WORK INSTRUCTIONS: Starting at the line that contains "hanoi runs high risk of coronavirus spreading" and ending at the line that contains "Un bebeluș născut", the lines below are to be given again exactly, with nothing added.

[Saved data entries]

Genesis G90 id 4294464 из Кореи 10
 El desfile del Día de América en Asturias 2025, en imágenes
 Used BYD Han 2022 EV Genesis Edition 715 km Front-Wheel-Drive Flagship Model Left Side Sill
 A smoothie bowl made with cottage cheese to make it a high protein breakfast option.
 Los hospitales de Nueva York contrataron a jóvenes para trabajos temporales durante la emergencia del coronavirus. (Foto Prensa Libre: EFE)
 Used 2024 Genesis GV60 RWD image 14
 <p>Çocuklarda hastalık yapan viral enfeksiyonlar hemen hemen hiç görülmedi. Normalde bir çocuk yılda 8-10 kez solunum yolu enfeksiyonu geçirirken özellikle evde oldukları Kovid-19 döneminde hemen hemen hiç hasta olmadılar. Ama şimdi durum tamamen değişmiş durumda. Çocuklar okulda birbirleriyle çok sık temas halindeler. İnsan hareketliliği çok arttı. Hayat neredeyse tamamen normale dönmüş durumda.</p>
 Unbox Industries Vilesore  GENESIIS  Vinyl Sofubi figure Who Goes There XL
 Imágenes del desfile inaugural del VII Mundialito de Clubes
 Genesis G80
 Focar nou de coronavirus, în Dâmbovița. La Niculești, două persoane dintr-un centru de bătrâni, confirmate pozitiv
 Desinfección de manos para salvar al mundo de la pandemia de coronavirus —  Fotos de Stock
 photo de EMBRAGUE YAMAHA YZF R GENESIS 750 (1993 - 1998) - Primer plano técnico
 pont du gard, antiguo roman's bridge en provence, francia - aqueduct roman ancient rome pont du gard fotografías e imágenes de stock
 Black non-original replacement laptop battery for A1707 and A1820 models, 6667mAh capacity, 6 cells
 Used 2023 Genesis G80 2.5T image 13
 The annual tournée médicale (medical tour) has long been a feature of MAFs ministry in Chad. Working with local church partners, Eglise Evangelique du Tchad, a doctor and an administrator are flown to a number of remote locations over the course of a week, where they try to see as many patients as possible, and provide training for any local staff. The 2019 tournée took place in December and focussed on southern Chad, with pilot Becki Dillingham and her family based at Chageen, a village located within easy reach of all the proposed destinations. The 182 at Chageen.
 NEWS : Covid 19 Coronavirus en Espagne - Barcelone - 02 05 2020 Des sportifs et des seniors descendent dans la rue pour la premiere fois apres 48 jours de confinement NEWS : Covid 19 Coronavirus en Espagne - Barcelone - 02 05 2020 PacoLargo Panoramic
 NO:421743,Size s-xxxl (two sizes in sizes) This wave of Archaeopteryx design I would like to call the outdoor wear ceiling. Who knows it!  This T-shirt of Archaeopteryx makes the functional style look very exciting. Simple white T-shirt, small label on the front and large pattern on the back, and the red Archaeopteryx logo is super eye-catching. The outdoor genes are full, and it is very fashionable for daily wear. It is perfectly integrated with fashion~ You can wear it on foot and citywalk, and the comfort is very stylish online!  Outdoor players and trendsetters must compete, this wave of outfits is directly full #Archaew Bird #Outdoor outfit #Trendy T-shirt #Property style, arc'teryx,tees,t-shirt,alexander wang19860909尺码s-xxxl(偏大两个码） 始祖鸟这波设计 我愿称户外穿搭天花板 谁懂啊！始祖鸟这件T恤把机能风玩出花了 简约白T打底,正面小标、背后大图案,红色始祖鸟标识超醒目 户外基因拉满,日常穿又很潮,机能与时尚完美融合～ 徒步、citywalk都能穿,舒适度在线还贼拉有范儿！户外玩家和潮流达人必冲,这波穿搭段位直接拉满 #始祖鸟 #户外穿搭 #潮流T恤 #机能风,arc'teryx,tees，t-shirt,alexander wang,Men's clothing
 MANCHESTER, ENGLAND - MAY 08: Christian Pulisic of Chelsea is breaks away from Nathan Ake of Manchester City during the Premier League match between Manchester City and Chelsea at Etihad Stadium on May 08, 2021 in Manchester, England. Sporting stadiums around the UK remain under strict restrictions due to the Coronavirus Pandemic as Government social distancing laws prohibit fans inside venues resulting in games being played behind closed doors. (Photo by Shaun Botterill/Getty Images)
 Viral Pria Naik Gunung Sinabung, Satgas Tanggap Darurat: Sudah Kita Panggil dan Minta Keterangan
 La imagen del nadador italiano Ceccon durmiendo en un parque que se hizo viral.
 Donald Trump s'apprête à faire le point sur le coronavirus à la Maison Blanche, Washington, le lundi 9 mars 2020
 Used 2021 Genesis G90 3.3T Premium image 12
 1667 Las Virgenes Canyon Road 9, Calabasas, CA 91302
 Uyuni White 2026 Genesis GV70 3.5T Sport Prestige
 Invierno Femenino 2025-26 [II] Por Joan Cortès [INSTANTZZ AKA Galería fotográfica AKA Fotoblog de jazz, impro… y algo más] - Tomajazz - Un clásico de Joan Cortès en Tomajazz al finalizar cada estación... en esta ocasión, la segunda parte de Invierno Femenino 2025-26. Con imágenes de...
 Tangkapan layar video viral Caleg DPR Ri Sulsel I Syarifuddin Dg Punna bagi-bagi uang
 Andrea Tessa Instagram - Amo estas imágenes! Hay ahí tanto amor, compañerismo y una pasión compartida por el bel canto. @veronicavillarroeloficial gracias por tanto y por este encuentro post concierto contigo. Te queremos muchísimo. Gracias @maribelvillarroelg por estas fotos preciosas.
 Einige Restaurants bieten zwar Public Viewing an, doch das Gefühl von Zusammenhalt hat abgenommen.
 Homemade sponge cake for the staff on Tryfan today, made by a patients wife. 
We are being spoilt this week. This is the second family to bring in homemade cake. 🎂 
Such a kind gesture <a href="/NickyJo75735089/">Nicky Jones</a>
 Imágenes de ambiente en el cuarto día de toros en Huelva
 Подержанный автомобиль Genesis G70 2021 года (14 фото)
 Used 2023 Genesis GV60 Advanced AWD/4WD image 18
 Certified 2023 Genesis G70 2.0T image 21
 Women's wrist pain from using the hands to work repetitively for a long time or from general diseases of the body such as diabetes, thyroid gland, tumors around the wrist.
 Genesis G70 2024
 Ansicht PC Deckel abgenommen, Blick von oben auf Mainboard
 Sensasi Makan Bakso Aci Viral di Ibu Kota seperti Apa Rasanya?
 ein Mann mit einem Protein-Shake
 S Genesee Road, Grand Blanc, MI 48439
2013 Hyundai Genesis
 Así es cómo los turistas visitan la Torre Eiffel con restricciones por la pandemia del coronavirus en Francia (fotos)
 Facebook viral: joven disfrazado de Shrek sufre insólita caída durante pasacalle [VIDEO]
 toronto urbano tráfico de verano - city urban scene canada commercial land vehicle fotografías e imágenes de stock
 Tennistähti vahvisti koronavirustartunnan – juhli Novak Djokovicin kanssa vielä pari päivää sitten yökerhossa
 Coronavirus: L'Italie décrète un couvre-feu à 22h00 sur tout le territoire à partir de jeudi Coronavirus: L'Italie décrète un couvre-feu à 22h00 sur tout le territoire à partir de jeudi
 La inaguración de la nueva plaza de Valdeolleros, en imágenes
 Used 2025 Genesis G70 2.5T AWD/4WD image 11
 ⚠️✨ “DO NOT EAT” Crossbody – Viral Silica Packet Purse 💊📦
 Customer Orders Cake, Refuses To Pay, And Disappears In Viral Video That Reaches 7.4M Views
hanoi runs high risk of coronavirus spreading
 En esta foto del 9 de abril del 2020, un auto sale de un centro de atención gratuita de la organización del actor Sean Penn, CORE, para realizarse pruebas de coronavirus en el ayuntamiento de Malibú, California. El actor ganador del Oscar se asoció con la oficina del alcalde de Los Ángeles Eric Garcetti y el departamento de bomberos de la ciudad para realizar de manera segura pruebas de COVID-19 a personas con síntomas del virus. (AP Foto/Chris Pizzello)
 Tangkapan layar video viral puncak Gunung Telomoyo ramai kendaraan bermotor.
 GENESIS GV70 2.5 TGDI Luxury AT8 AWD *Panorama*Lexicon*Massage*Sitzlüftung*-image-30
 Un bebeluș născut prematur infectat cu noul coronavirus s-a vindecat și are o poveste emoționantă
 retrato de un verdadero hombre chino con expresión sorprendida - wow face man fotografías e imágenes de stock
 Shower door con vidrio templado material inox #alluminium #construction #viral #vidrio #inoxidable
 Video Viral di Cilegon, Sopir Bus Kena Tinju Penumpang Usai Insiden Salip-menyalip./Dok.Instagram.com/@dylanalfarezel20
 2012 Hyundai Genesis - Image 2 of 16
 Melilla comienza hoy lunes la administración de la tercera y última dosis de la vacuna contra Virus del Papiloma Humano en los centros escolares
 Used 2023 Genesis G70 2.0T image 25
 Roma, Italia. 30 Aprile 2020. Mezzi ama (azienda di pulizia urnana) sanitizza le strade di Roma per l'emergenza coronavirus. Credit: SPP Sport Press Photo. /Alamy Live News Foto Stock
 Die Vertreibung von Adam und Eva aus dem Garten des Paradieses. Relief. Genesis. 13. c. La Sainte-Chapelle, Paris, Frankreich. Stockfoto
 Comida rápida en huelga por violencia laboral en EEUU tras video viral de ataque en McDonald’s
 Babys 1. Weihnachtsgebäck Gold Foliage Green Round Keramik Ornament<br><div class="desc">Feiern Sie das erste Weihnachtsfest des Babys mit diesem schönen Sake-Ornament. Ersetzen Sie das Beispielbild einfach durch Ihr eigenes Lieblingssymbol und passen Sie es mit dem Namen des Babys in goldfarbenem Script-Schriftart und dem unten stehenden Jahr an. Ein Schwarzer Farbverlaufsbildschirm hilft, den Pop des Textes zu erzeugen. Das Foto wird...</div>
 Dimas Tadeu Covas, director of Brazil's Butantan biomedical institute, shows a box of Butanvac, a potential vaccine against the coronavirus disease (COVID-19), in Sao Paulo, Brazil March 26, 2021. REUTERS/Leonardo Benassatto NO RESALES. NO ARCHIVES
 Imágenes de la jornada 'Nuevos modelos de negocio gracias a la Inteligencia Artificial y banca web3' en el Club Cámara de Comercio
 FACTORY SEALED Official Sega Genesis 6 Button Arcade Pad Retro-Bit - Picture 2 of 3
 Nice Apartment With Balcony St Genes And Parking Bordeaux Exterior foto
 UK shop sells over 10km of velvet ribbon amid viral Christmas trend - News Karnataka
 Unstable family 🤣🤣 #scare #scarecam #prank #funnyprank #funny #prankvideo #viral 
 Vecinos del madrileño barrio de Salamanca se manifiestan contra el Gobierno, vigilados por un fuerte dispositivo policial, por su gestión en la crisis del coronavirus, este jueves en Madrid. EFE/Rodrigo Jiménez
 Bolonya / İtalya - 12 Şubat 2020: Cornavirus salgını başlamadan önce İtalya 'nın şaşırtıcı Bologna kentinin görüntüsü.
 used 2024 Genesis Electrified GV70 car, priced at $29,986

PROBLEM SOLUTION:
hanoi runs high risk of coronavirus spreading
 En esta foto del 9 de abril del 2020, un auto sale de un centro de atención gratuita de la organización del actor Sean Penn, CORE, para realizarse pruebas de coronavirus en el ayuntamiento de Malibú, California. El actor ganador del Oscar se asoció con la oficina del alcalde de Los Ángeles Eric Garcetti y el departamento de bomberos de la ciudad para realizar de manera segura pruebas de COVID-19 a personas con síntomas del virus. (AP Foto/Chris Pizzello)
 Tangkapan layar video viral puncak Gunung Telomoyo ramai kendaraan bermotor.
 GENESIS GV70 2.5 TGDI Luxury AT8 AWD *Panorama*Lexicon*Massage*Sitzlüftung*-image-30
 Un bebeluș născut prematur infectat cu noul coronavirus s-a vindecat și are o poveste emoționantă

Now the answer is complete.